For the last few weeks my main system has had to be rebooted on a daily, and sometimes twice daily basis. Having other things on my mind I didn't bother getting too fussed, thinking perhaps I had some dodgy RAM or a disk on the way out - both things I could live with until they finally became terminal. As I started to look at the pattern of failure though, it started to look like there was a deliberate denial of service attack on the site. So I began active monitoring as well as log analysis.
Now I have no problem with search engines crawling my site. Mostly (apart from some well known exceptions) they behave themselves, abide by the robots.txt rules, and don't flood the system with requests. Above all, they perform a useful function to both me and my readers. I do have a problem with a crawler that I have identified as the cause of the system failures.

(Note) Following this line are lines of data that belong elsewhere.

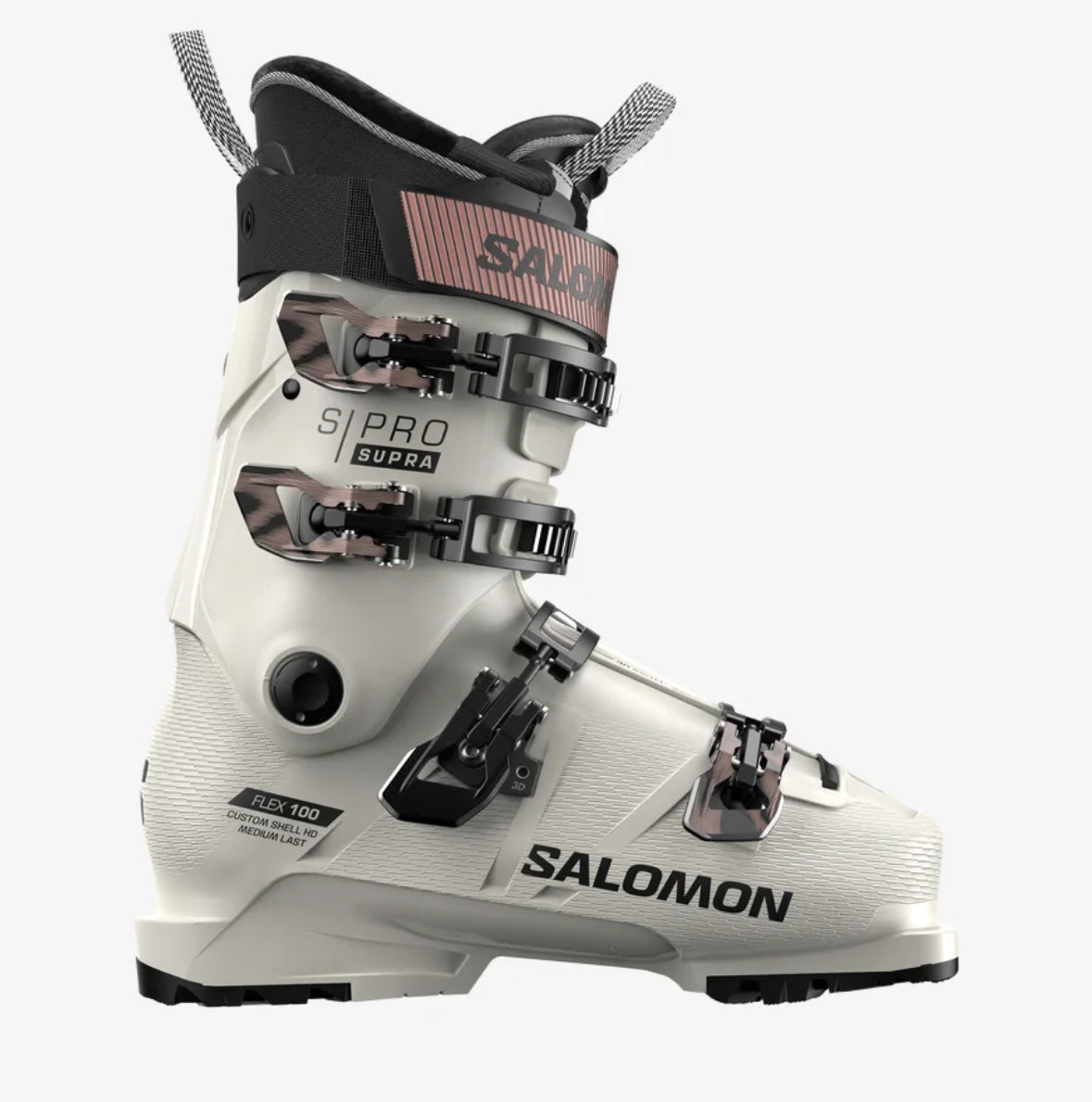 SCARPONI SALOMON S/PRO SUPRA 100W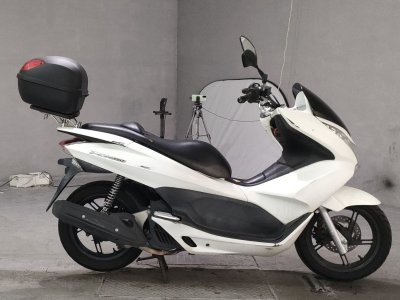 Honda PCX150 2014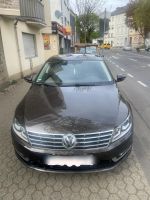 Volkswagen cc 2013 Nordrhein-Westfalen - Düren Vorschau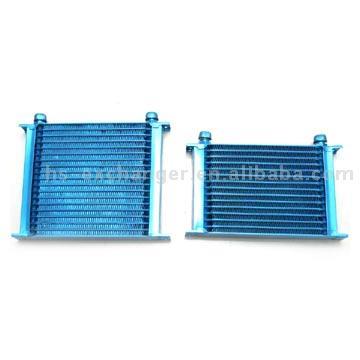 Oil Coolers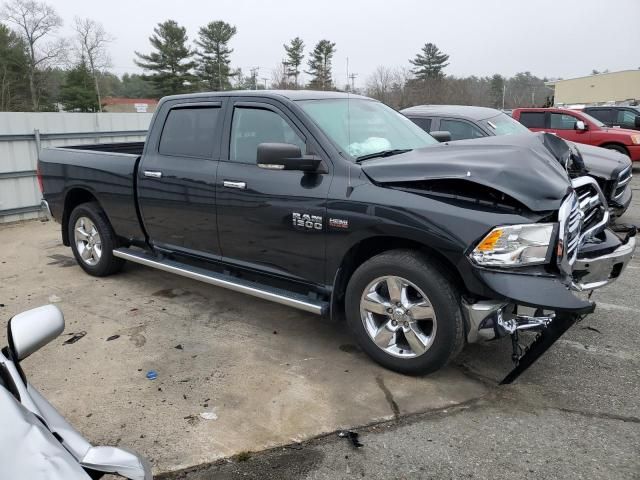 2016 Dodge RAM 1500 SLT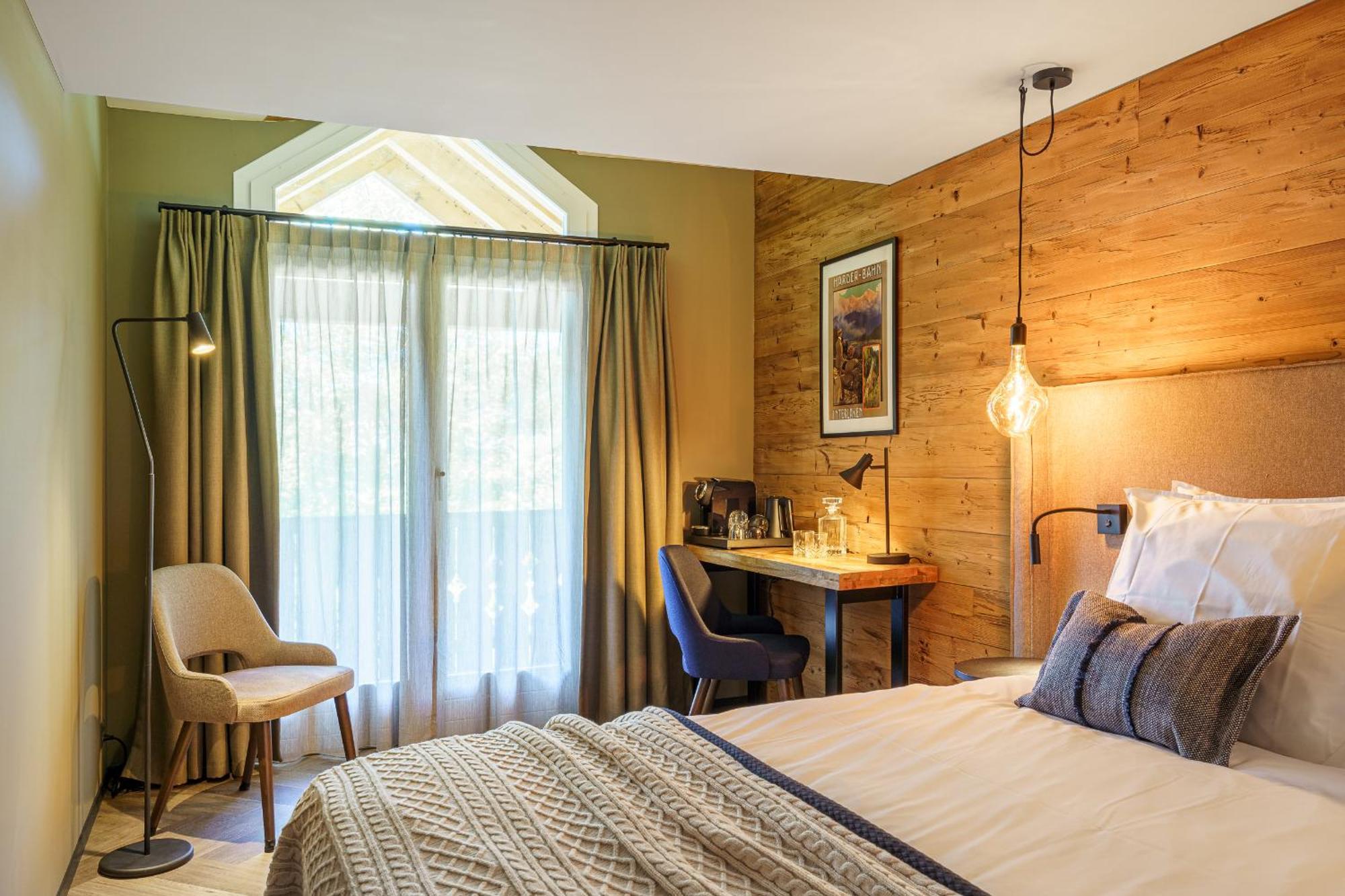 Boutique Panorama Grindelwald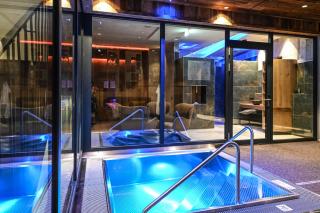 Alpen Appartements Lärchenhof - Lermoos - 3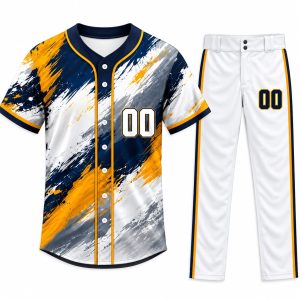 Baseball Uniform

Brandwatch is apparantly involved in "Online Reputation Management and Brand Tracking in Social Media". They have a crawler that will just swamp a reasonably small site. No pacing, no maximum number of requests per second, just blast away at the fastest possible rate they can and if you happen to be the target then you'd better be ready for a connection storm. If you are having problems and see the string 'magpie-crawler' in your logs, then you may well be one of their victims. Worse, they perform no useful function for me or my readers. They sell information to their clients on who is talking about them. That's right, they are trawling my site in order to sell information to someone who is worried I might be saying something negative. Well I am. Brandwatch is a menace. And they need to get their crawler fixed. Until they do I have blocked 22.214.171.124/27 from my servers and I'd urge others to do the same until they wake up. What is particularly galling is that on their blog they have a piece on how bad Google Search is. Sheesh, at least Google's crawlers are well behaved and don't interfere with the running of the site.
Not happy, Jan!
* P.S. - No I haven't put in URLs. I don't want to advertise them any more than they deserve.